Though a certain amount of stress may be inevitable, its causes can be controlled. Here are some practical ways to achieve the peace and calm we so desperately desire at home.
A Central Place. Experts are unanimous that scheduling and organizing will reduce stress. Even so, why do so many of us resist suggestions to get organized? Probably because doing so requires an initial investment of time and energy we feel we can’t afford—even though the payback comes in dramatic savings of time and money. You must, therefore, try the strategies of Mita Banerjee and others, or even use them to evolve your own.
When Nupur Roopa, a Delhi-based homemaker and freelance writer with a three-year-old daughter, decided to get organized, she set about creating a system that involved scheduling activities meticulously in her home journal and kept it at hand, for ready reference.
“My journal has a monthly calendar,” she explains. “On the last day of each month I jot down routine tasks for the coming month. So the bedsheets are changed every three days, and the fridge is cleaned once a month.
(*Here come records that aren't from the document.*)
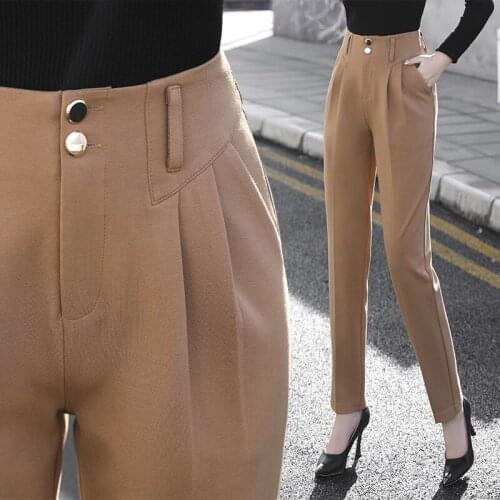 Fall Winter Suits Pants For Women Korean Style Khaki Double Button Loose Big Size Female Feet Pant Front Pleated Quality Trouser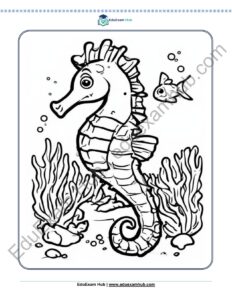 seahorse and seaweed coloring page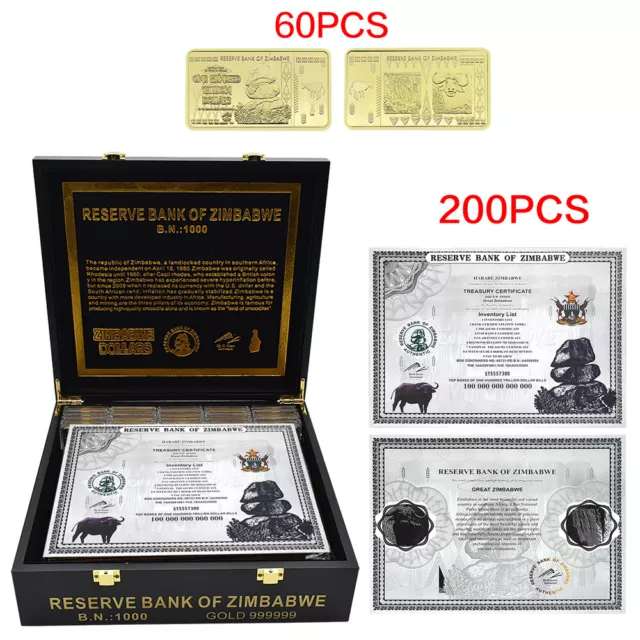200pcs/box and 60 Gold Bar 100 Trillion Dollar Silver Zimbabwe Certificate & UV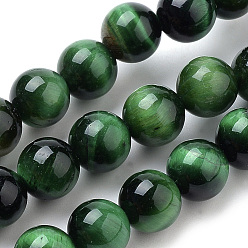 Green Natural Tiger Eye Beads Strands, Dyed, Round, Green, 6mm, Hole: 1mm, about 63pcs/strand, 15.35 inch(39cm)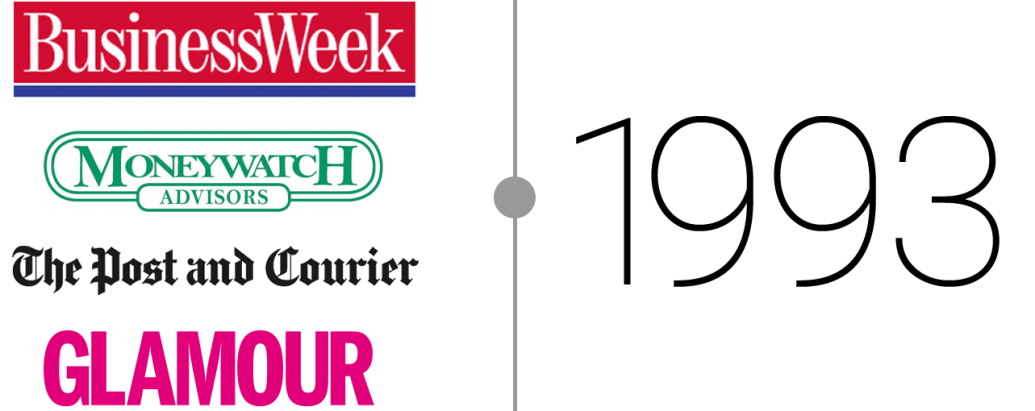 1993- BusinessWeek logo, MoneyWatch Advisors logo, The Post and Courier logo, and Glamour logo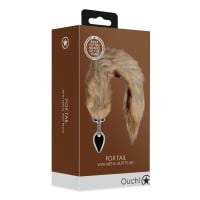 Análny kolík s chvostom Ouch! Fox Tail with Metal Butt Plug čierny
I mark out an ironing schedule for the kids’ uniforms, like, whites on Mondays, yellows on Wednesdays... Another monthly list takes care of the provisions to be ordered. Other lists track financial obligations, so that credit card and insurance premiums are paid on time. Every Saturday morning, clutter is sorted out, filed or discarded. Important phone numbers are listed on the back cover of my journal. I can’t imagine life without this book.”